後半は旭化成の採用担当である米田未央さんとのトークセッションがあり、その後は質疑応答タイム。1時間にわたって学生から質問が続々と寄せられ、寺澤と米田さんが丁寧に応答した。終了後の学生の表情は一様に晴れやかだった。就活セミナーとしては珍しいことだ。

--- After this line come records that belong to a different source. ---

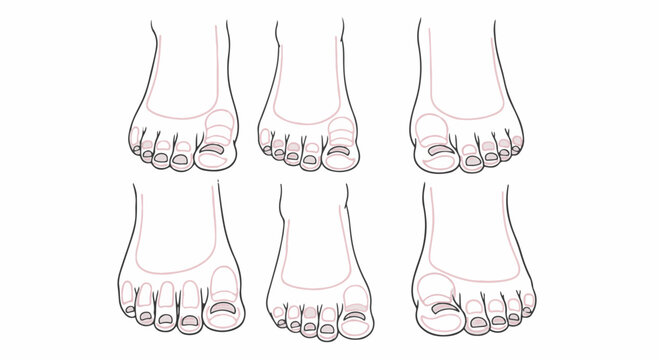 Anatomy line art set displaying six different human foot and toe shape variations, including various lengths and alignments for podiatry or aesthetic reference on white.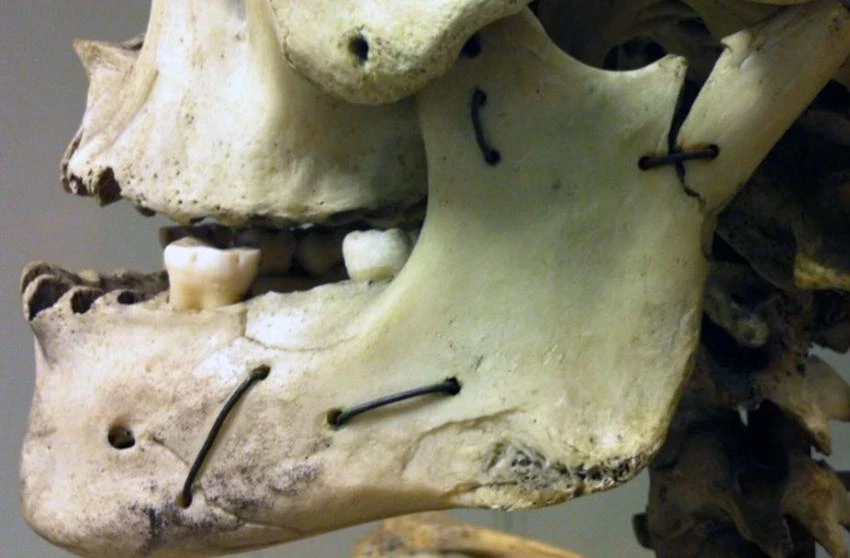 Французские палеонтологи впервые описали травмы посаженного на кол человека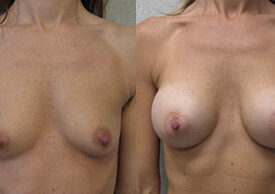 Breast Augmentation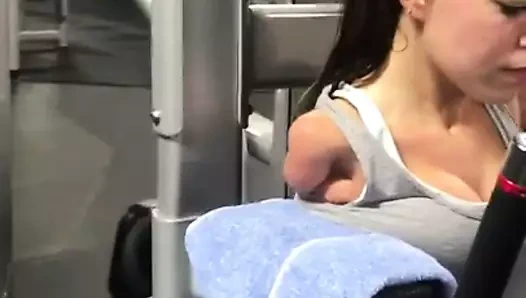 Her iki kolu da ampute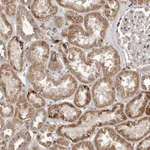 Atlas Antibodies Anti-AKAP7 Antibody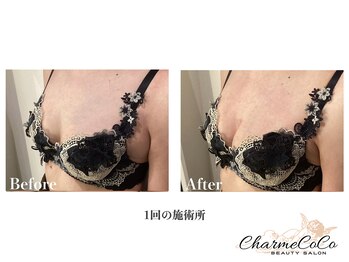 シャルムココ 蔵前店(CharmeCoCo)/お客様Before→After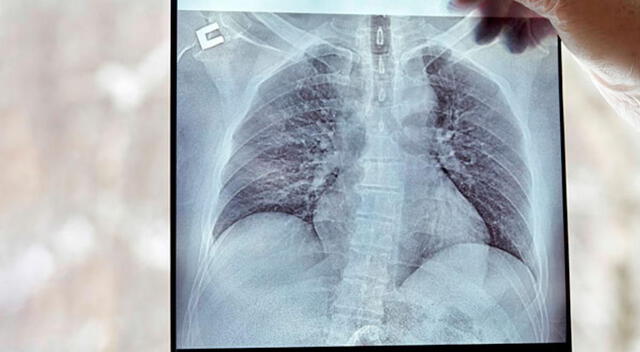 Envejecimiento de pulmones Envejecimiento de pulmones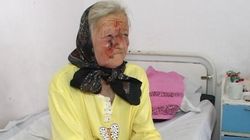 O batrana a fost DESFIGURATA de porcul din gospodarie! Vezi ce a cauzat comportamentul violent al animalului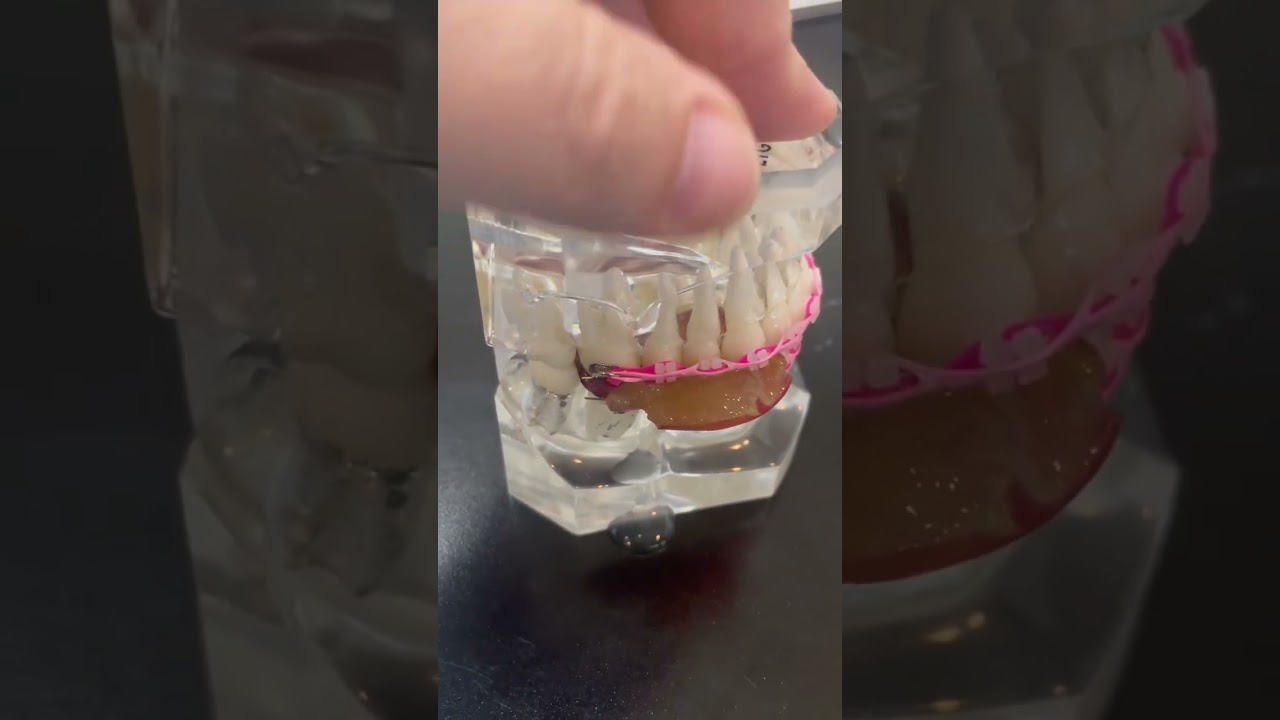 Braces and Grapes Can You Eat Them Together? Fruit Faves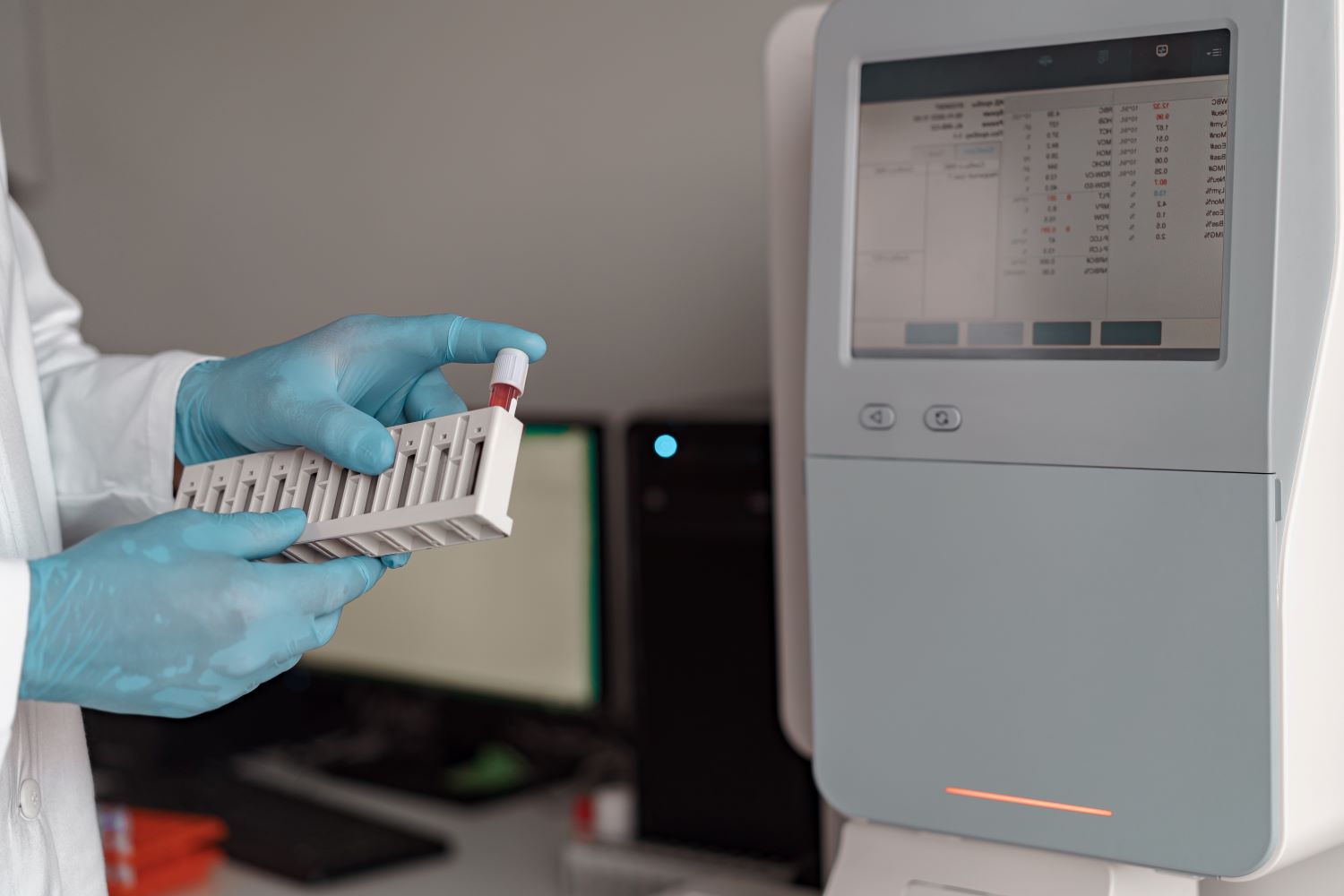 STD PCR test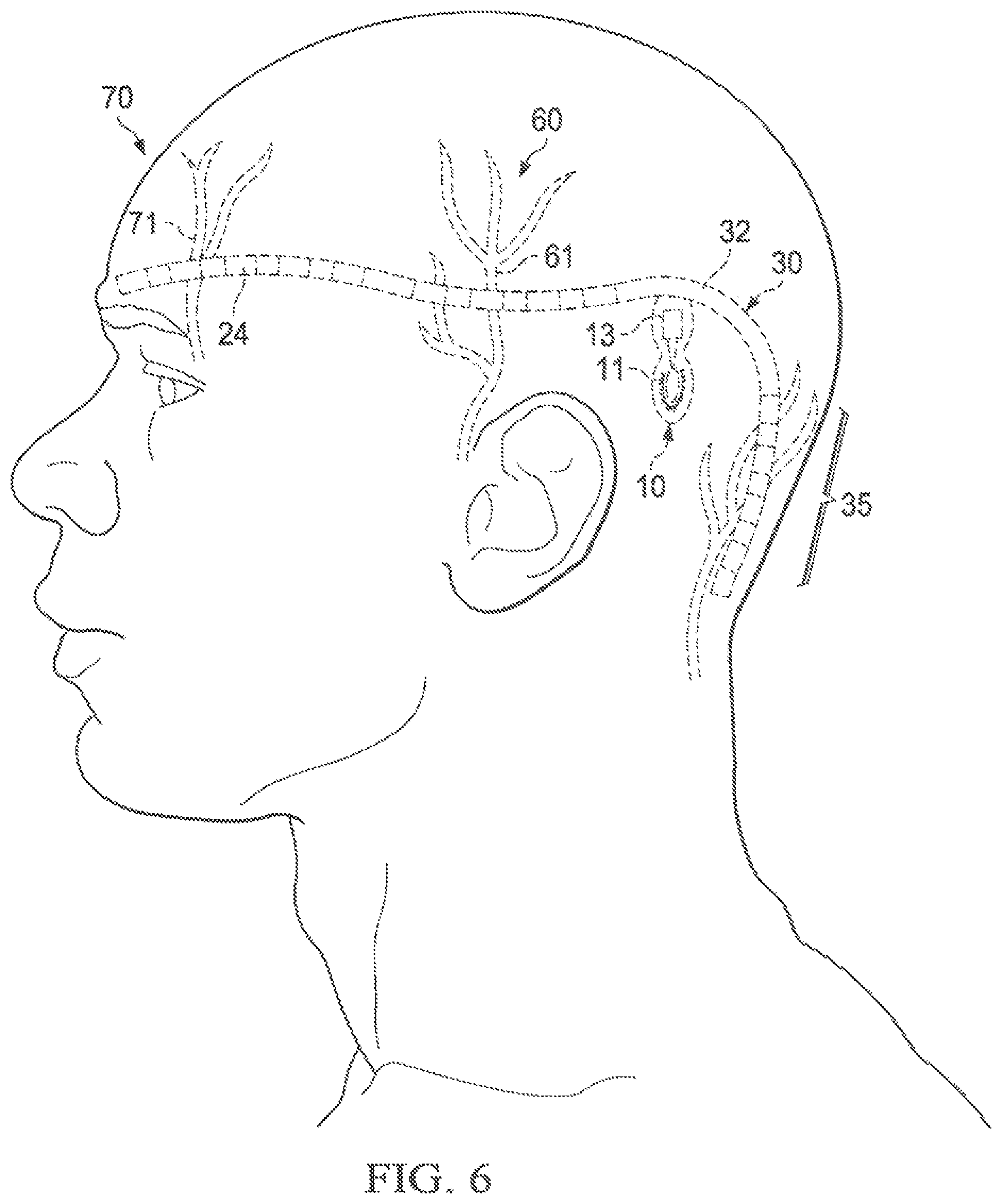 Patent US12569683 Figure 7 – Implantable head located radiofrequency coupled neurostimulation system for head pain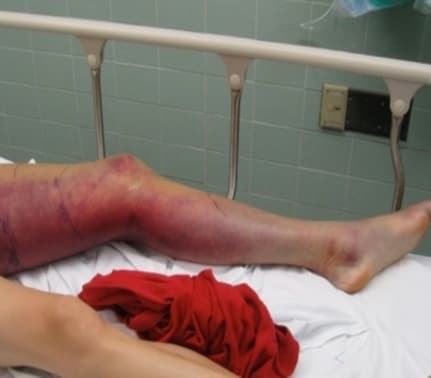 Otros síntomas pueden incluir visión borrosa, dolor intenso, vómito y adormecimiento del área afectada.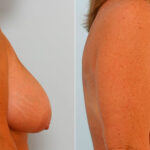 Breast Reduction before and after photos in Houston, TX, Patient 27692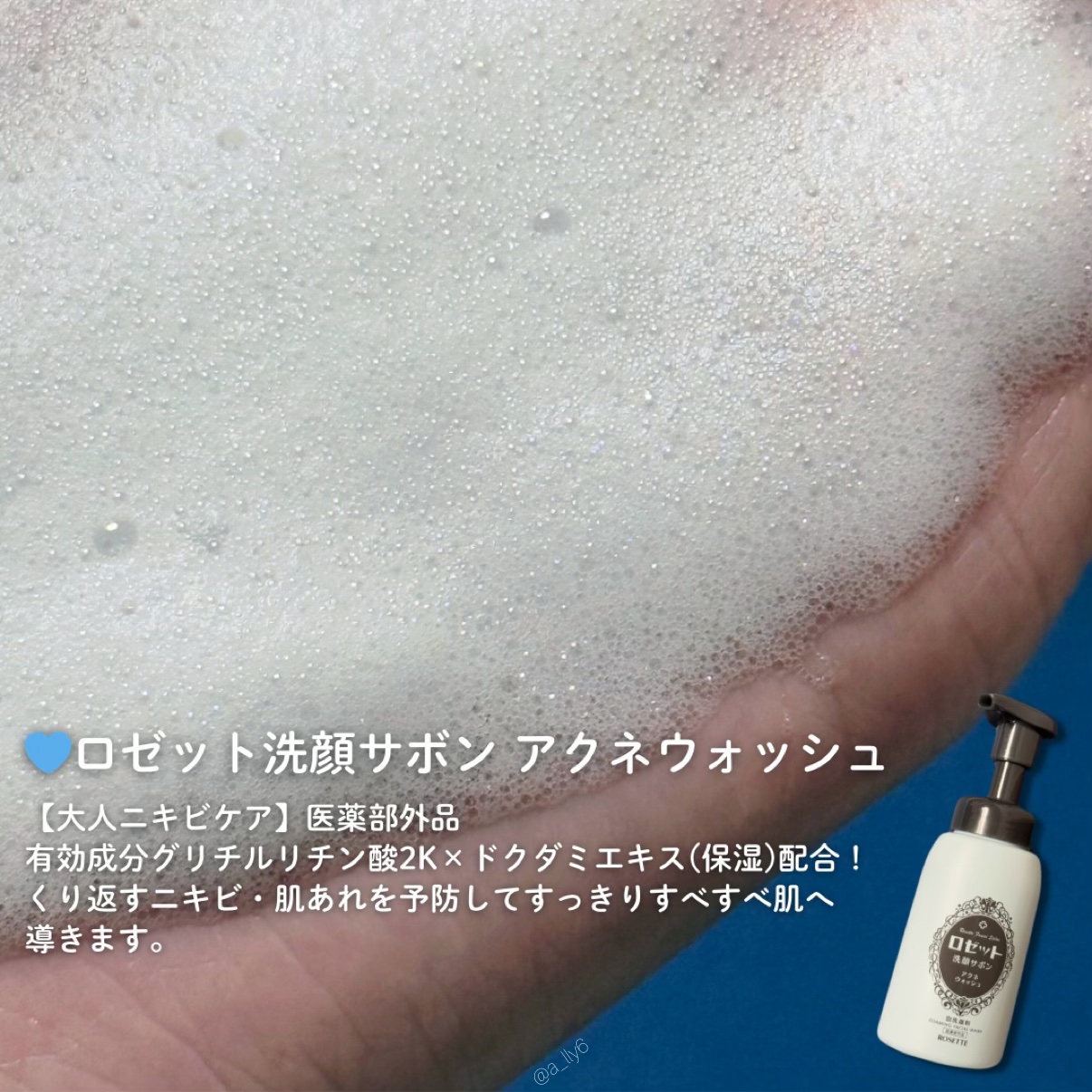 ロゼット洗顔サボン アクネウォッシュ【医薬部外品】[泡洗顔料]/ロゼット/泡洗顔を使ったクチコミ（2枚目）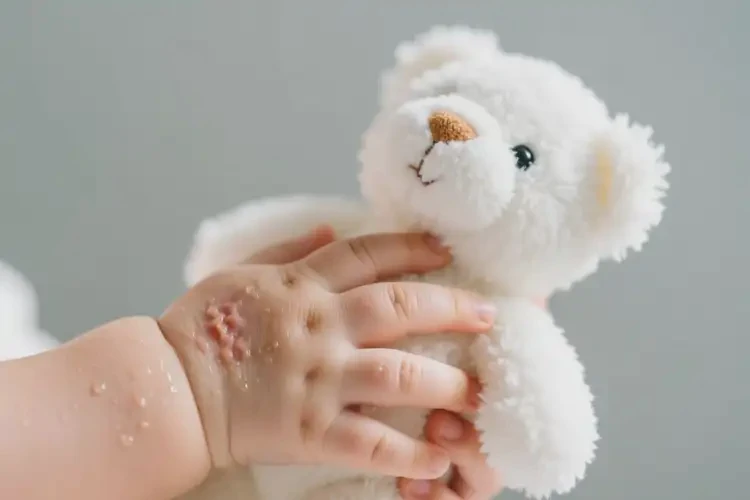 嬰兒手上經(jīng)常長(zhǎng)濕疹能徹底自愈嗎(圖2)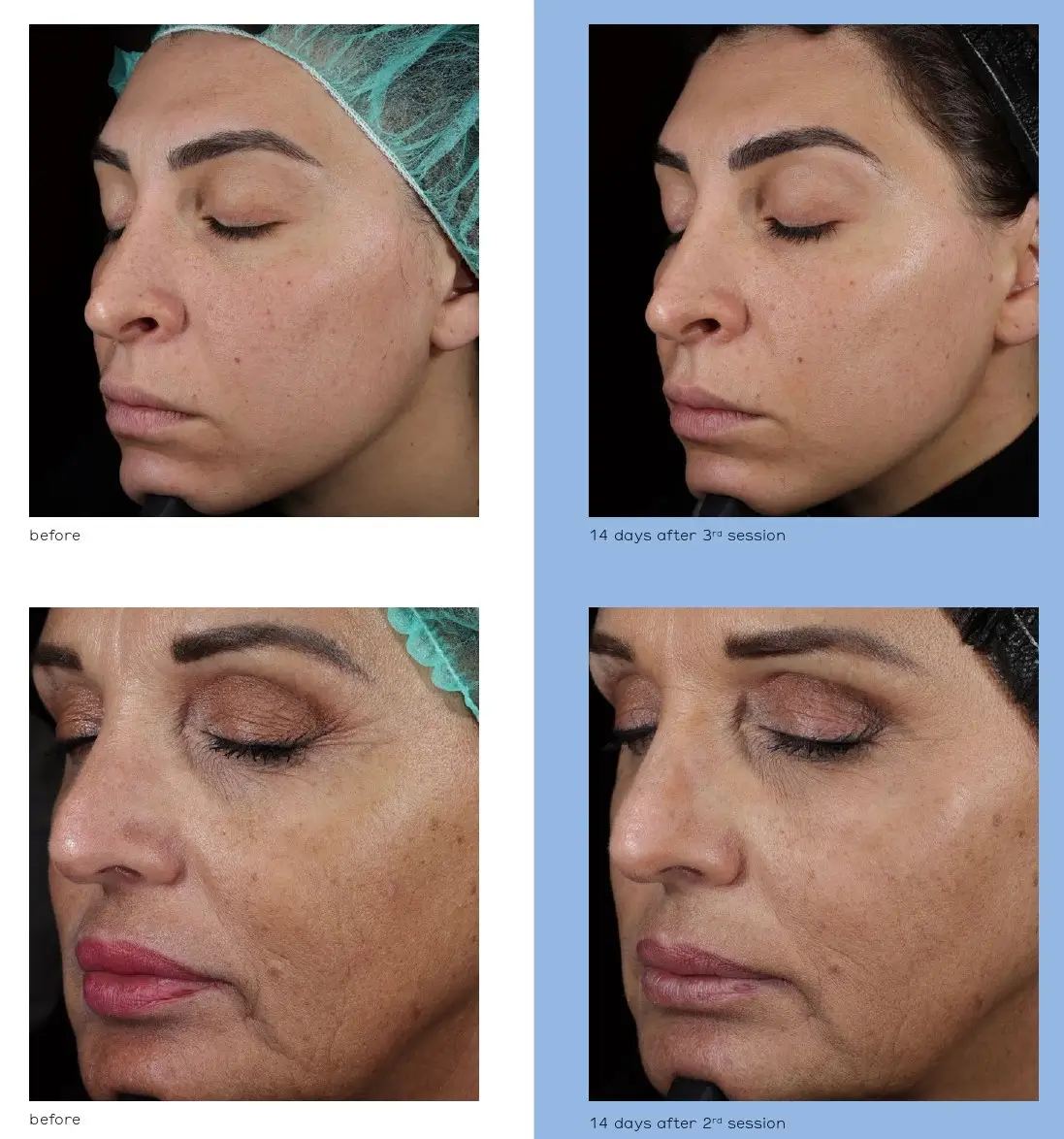 Croma Revitalis® treatment results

●「社会人の感覚」「採用側の視点」に気づくマインドシフト
実践的就職勉強会は、採用コンサルタントの寺澤が「就活の常識」を否定するところからスタートした。多くの就職本や就職セミナーは、まず「自己分析」の重要性を説いているので、何も知らない学生は業界研究の前に自己分析を行おうとする。小さい頃から現在までの20年ほどの人生を振り返ろうとするが、うまく自己を描けず悩んでいる学生は多い。寺澤は、就職コンサルタントが作り上げたこういう常識に異を唱える。理由はシンプルだ。寺澤は仕事柄多くの採用担当者と話すが、「自己分析」を評価する人に会ったことがないのだ。むしろこういう誤った就活常識、ノウハウの蔓延を「困ったもの」と考える採用担当者がほとんどだ。
自己分析は無用という話は、今回の勉強会に参加した約120名の学生にとって大きな驚きだったろう。そして寺澤は、就職本や就職コンサルタントの常識にとらわれず、異なる視点を提示した。「敵を知り、己を知れば、百戦危うからず」(孫子が書いた中国の兵法書)である。
就活生が知らなければならない「敵」(向かうべき相手)は社会である。就活生は学生だが、採用選考は社会人の感覚を基準として行われる。だから「社会人の感覚」「採用側の視点」に気づくマインドシフトが重要なのだ。
寺澤は「自転車」を例に出して説明していた。自転車は乗れないときは、とても難しい乗り物のように思える。ところがいったん乗れるようになると、今度は簡単で快適な乗り物になる。なぜ乗れなかったのかが不思議に思えるほどになる。就活におけるマインドシフトも自転車に似ている。